Work to be completed: Begin with the line below holding "KICK OR TREAT" and go on through the line holding "4人で遊んで、食べて、おやすみ", duplicating each line exactly and leaving out pictures.

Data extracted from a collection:
-.-.-

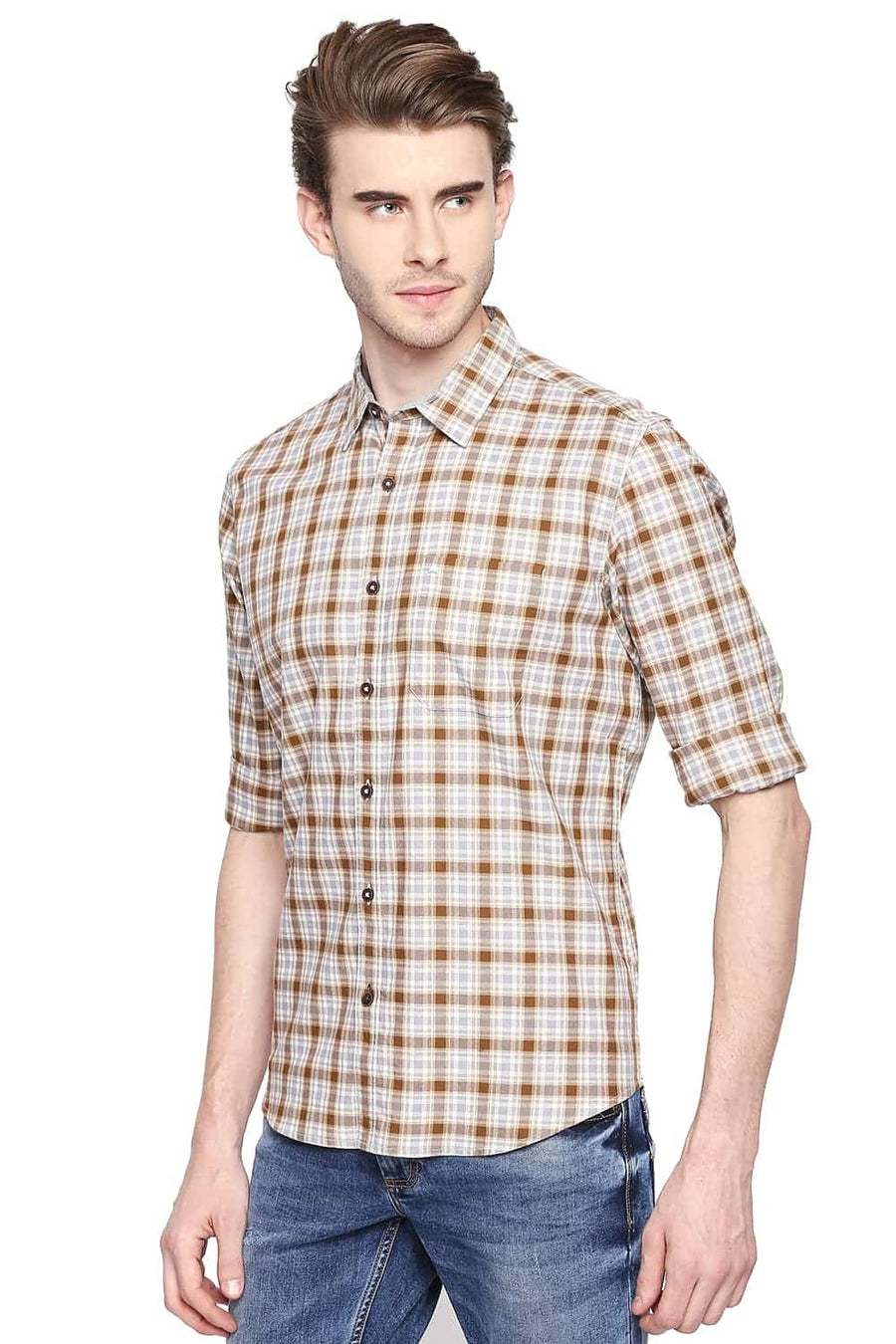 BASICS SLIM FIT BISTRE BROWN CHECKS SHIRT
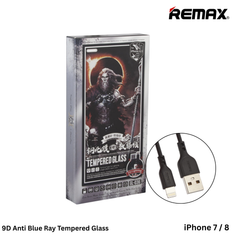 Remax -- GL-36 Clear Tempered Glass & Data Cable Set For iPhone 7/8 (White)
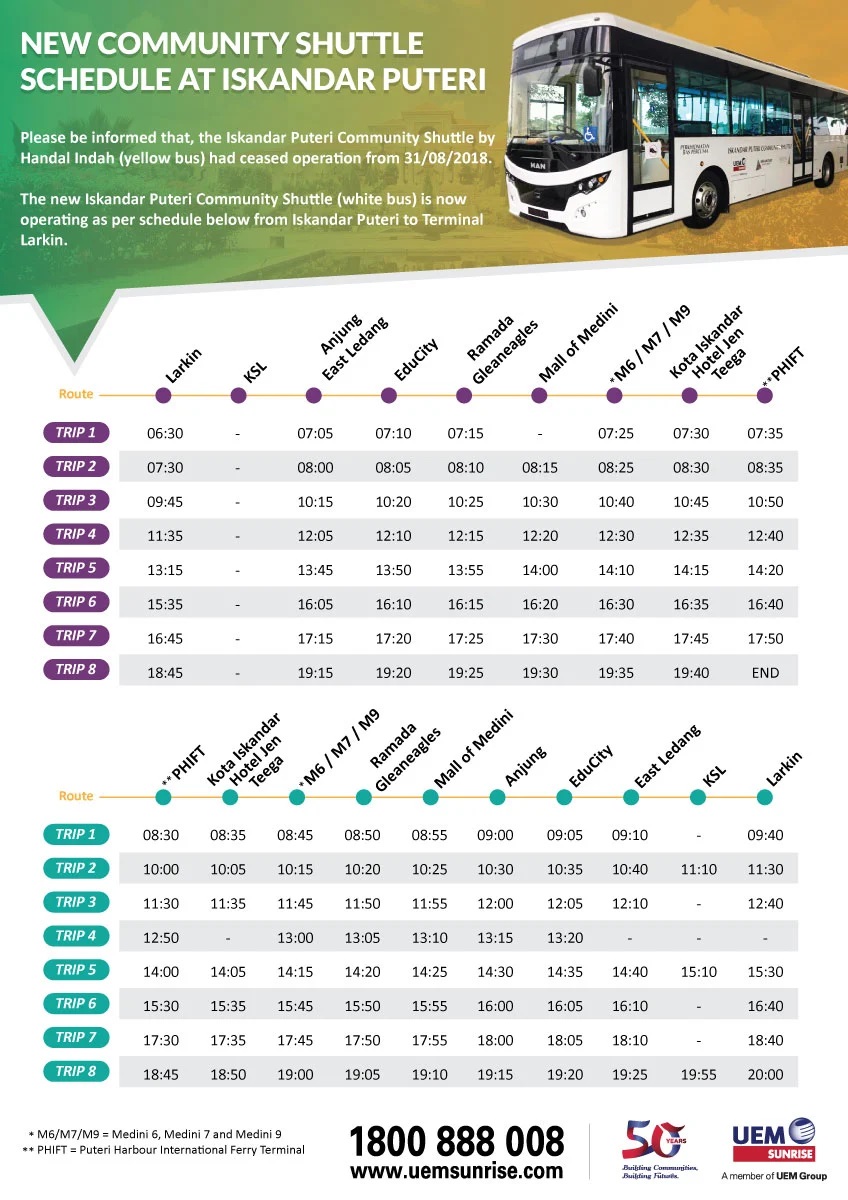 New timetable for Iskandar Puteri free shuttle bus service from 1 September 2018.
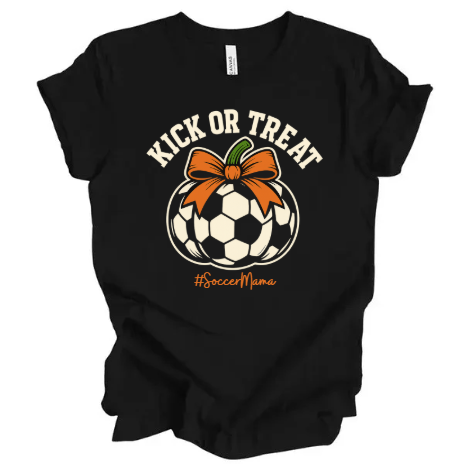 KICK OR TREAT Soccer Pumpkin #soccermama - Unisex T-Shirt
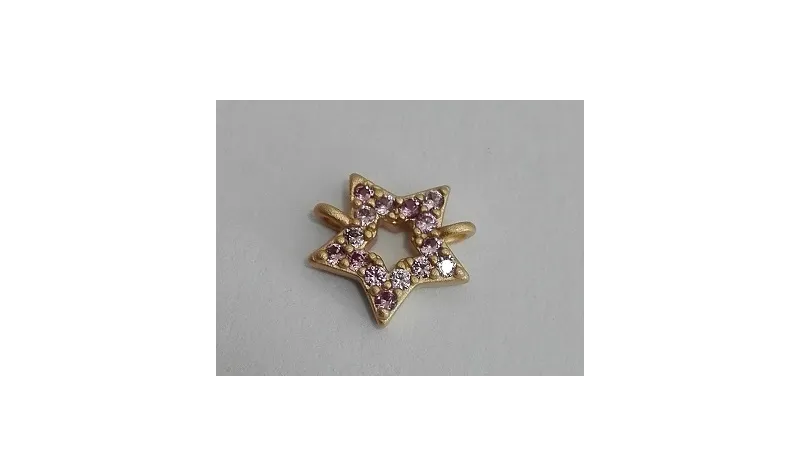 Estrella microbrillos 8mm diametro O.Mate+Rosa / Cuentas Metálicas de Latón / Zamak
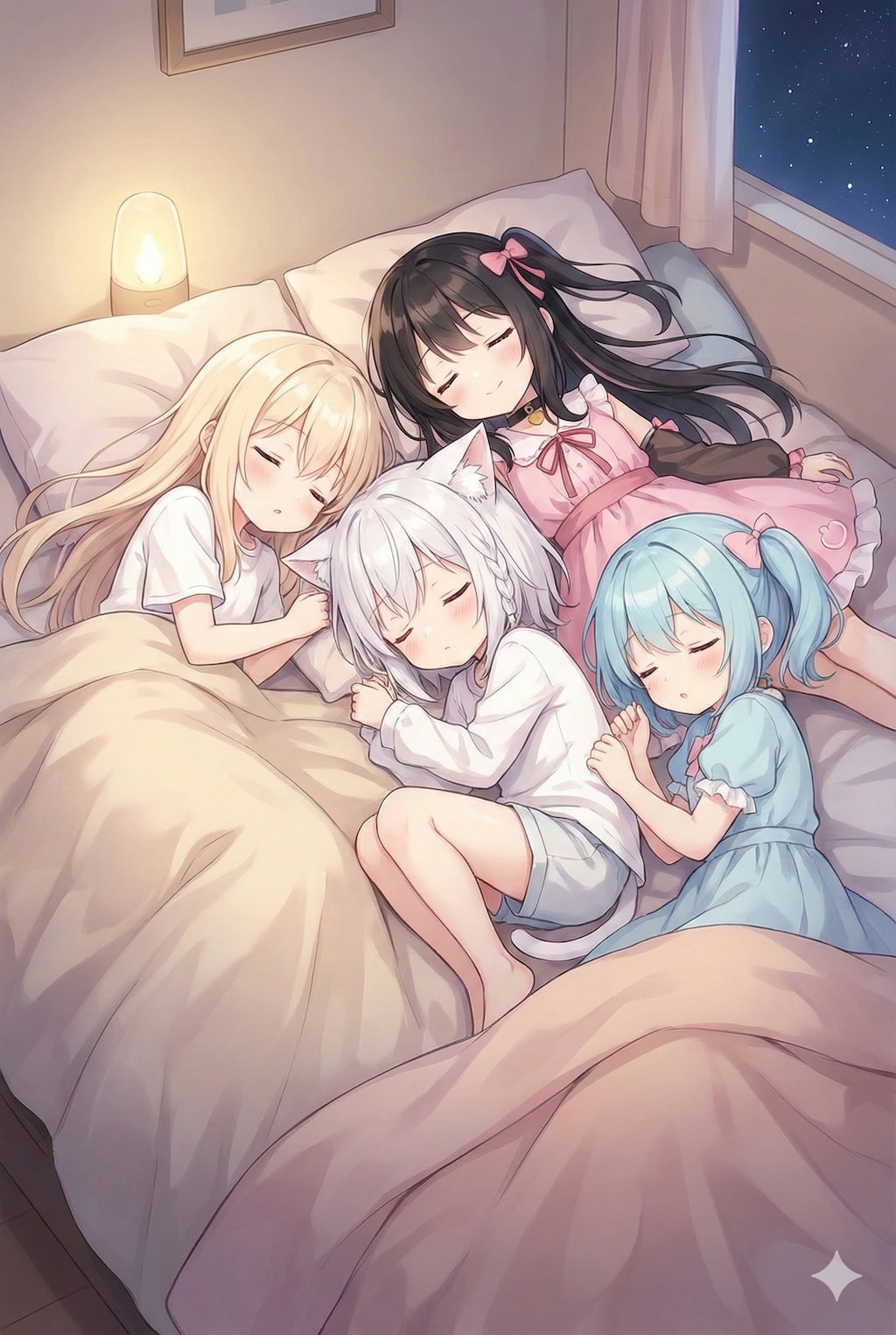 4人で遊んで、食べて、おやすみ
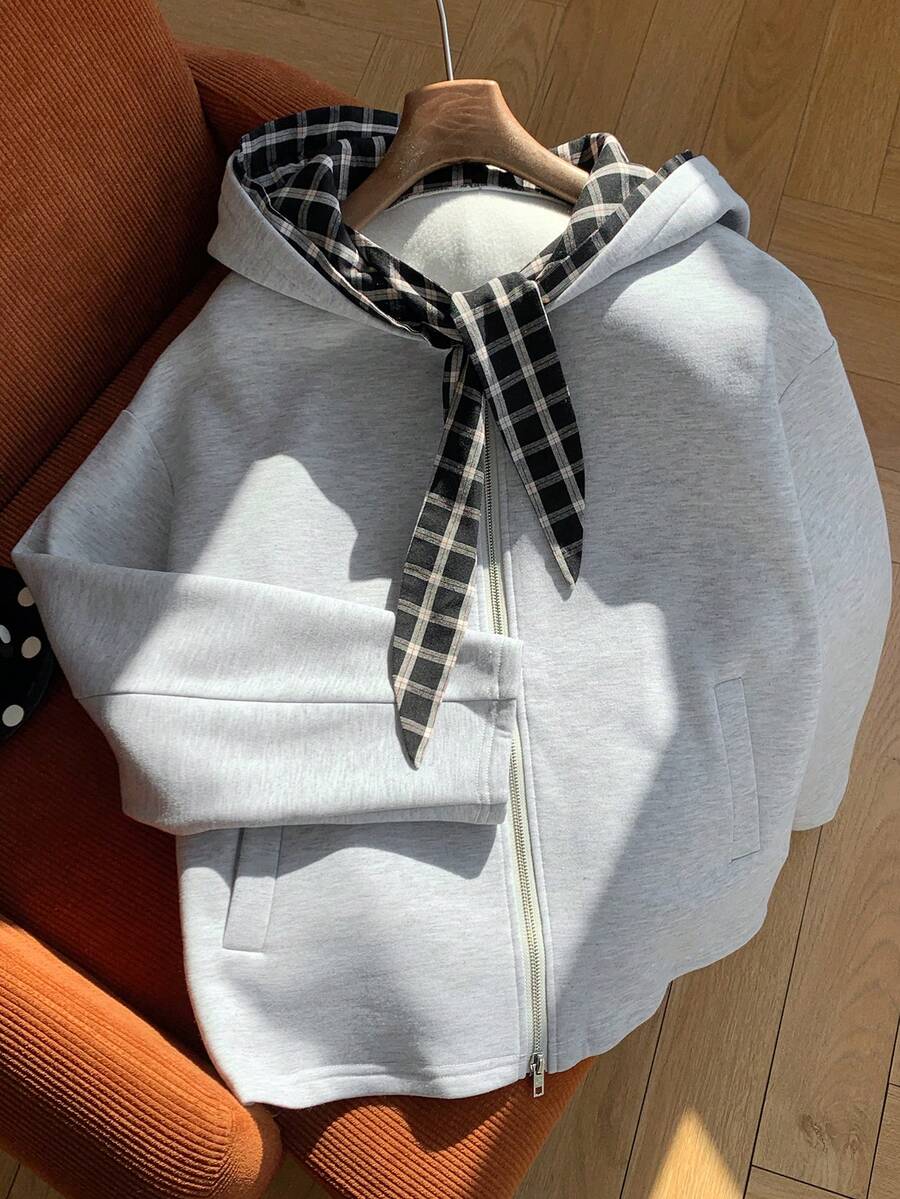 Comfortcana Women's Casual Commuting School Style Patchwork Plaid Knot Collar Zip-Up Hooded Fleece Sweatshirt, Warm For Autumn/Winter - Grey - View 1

-.-.-

Output for this task:
 KICK OR TREAT Soccer Pumpkin #soccermama - Unisex T-Shirt
 Estrella microbrillos 8mm diametro O.Mate+Rosa / Cuentas Metálicas de Latón / Zamak
 4人で遊んで、食べて、おやすみ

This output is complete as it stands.